It's not a Crusade...no, wait, it is
About this day last week we noted Christopher Hitchens making an unfortunate reference to Heart of Darkness in connection with the deteriorating situation in Iraq. Now comes a set of even more unfortunate references from Andrew Sullivan, who doesn't seem to see the problem of viewing the crisis through the prism of Holy Week. The post is titled "The Passion of Iraq" which just invites some weird analogies (Bremer = Pontius Pilate?). He then asks "Did we expect the place to become Toledo overnight?" by which we assume he means Toledo, Ohio (coming soon: the Baghdad Mudhens baseball team joins the AAA league) but instead sounds like a reference to Toledo, Spain, which gets us into some very tricky history as far as the Muslim world is concerned:
Castile and Leon captured the Muslim kingdom of Toledo in 1085, annexed its lands, and pushed the frontier of Christian Spain south beyond the Tagus River. The Muslim lands annexed by Castile and Leon became known as New Castile. The capture of Toledo—the ancient capital of Visigothic Spain—marked the first time a major city in Muslim Spain had fallen to Christian forces, and it served to sharpen the religious aspect of the Christian reconquest. In subsequent centuries this dimension of the conflict would grow stronger.
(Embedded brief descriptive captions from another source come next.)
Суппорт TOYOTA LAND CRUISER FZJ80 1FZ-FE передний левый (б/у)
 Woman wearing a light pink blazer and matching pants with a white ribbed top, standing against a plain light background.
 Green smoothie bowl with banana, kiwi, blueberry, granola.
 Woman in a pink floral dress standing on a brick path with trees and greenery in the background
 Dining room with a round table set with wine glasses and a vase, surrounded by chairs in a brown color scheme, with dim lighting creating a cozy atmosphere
And just to eliminate any doubt about the Passion-Resurrection imagery being applied to Iraq:
It may be dark this Friday, but Christians are told that a new day will dawn. Not in three days. But in time. If we keep our nerve.
Just the pep talk that the ayatollahs and clerics need to hear! And anyway, what's with this "three days" business? It's already Good Friday. Jesus will be doing his thing in about 36 hours. In three days, much of the world, but not the US (except perhaps for its leisure-loving President) takes the day off on what Andrew used to call a Bank Holiday.